In defense of a role for epididymal functions, Cooper (15) cautioned against overzealous interpretation of these data before the pathological state of the tissue involved in an obstructed reproductive system could be better defined. As he pointed out, Young’s data did not exclude the possibility of intermixing of luminal contents within the epididymal tubules.

Furthermore, Orgebin-Crist et al (16) observed from segmental ligation of rabbit epididymides that only sperm confined to regions distal to the proximal caput had fertilizing potential. Taken altogether, we concur with Cooper that current data neither support the view that intratesticular sperm are inherently fertile nor do they indicate that simple aging would allow full development of fertilizing capacity.

Based on our current understanding of sperm maturation, in an obstructed system, sperm may acquire motility through: prolonged confinement within the reproductive tract, direct contact with refluxed epididymal factors, or retrograde migration of sperm after contact with epididymal environment. Furthermore, chronic obstruction may also cause adaptation of the testicular epithelium that allows acquisition of intratesticular sperm motility and maturation of fertilizing capacity to occur. It is plausible that a combination of these factors would indeed be necessary to account for our observations.

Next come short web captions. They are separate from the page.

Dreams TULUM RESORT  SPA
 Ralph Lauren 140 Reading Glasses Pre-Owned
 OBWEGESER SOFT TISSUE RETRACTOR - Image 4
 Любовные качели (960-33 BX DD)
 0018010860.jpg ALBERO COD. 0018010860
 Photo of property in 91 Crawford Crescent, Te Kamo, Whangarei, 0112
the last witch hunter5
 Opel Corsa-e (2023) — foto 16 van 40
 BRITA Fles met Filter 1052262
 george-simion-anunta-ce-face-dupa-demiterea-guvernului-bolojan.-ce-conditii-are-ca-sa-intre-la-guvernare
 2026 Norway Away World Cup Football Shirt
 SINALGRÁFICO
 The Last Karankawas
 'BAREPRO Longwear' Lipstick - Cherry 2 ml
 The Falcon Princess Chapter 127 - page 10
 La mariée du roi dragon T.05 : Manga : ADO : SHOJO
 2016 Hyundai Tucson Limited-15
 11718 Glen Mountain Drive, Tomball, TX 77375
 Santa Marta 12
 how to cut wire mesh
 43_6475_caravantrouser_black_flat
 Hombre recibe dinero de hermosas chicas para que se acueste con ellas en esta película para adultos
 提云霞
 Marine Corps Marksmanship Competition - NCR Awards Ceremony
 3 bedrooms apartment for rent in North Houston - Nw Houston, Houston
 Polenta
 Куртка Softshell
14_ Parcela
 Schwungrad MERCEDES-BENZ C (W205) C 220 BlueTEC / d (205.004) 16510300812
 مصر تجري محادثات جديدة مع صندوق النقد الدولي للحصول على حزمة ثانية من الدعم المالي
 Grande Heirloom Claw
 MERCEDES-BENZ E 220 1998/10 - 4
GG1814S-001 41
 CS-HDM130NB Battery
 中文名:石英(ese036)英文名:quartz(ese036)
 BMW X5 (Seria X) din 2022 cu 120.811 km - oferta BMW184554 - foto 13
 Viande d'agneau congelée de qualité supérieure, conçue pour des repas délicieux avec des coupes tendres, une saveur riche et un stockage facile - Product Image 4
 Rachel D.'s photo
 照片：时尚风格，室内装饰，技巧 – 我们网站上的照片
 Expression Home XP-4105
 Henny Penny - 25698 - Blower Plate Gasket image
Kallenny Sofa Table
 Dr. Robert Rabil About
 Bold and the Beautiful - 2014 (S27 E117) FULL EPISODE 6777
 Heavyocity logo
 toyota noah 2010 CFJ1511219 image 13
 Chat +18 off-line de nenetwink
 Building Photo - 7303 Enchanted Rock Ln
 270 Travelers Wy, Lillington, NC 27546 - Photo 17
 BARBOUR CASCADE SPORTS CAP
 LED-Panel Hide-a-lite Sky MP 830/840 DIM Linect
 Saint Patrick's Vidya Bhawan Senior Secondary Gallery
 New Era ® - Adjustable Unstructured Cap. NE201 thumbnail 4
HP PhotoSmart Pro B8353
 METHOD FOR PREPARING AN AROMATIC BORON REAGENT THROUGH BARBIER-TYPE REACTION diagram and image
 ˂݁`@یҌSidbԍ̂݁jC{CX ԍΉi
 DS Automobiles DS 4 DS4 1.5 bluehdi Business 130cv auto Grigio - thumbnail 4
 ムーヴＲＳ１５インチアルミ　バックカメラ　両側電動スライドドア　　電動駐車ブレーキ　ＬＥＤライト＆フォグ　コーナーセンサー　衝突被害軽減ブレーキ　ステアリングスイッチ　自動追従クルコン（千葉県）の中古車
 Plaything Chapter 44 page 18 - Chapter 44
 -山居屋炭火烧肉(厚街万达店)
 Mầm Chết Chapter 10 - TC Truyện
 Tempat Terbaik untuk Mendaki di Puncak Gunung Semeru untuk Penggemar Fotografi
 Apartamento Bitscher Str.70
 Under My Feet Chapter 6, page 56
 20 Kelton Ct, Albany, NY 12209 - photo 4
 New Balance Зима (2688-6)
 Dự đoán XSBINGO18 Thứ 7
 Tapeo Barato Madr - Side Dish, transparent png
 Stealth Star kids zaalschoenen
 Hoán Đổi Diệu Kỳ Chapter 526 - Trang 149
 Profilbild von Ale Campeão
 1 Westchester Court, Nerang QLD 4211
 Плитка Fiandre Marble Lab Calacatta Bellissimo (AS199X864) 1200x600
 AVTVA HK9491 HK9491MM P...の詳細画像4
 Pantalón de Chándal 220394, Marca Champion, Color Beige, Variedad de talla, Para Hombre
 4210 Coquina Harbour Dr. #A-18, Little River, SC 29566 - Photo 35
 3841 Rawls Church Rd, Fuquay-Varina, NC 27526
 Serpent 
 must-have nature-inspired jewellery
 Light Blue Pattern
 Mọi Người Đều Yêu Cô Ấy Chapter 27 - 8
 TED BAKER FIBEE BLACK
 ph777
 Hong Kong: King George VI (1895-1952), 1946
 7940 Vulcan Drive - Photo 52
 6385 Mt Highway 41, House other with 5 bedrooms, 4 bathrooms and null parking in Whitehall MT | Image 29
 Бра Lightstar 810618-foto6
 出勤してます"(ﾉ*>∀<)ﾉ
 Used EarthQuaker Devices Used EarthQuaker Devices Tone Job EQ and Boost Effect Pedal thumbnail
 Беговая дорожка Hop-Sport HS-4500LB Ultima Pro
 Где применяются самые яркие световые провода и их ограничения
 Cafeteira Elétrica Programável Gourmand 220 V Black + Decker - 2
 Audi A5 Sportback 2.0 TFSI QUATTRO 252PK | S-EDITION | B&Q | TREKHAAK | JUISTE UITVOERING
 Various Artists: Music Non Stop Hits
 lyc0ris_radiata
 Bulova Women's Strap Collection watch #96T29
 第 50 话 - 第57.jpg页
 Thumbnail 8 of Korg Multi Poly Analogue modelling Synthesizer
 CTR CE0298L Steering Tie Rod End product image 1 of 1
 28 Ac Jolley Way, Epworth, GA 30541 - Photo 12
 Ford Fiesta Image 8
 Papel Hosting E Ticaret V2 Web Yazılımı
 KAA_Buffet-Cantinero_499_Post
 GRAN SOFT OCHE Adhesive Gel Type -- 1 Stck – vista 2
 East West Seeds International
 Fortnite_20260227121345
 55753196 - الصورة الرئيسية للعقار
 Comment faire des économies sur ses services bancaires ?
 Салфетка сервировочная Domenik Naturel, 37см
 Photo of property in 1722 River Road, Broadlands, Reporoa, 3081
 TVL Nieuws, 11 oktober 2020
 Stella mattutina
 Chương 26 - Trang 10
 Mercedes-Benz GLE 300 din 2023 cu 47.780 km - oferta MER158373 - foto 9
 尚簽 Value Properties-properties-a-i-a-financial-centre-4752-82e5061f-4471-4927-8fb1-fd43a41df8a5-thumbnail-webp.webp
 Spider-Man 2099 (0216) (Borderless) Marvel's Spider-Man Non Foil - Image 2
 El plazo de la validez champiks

Our findings regarding the presence of intratesticular sperm motility do not negate the role of the epididymis in sperm maturation. Nevertheless, it suggests that testicular sperm retrieved from men with unreconstructable obstruction might be utilized for in vitro fertilization of human oocytes, perhaps with the aid of an oocyte micromanipulation technique such as sub zonal insertion. Clinically, we recommend that wet prep cytological examination be performed at the time of testis biopsy for assessing anatomical obstruction. Under such circumstances, the presence of motile sperm could justify immediate exploration and reconstructive surgery if indicated.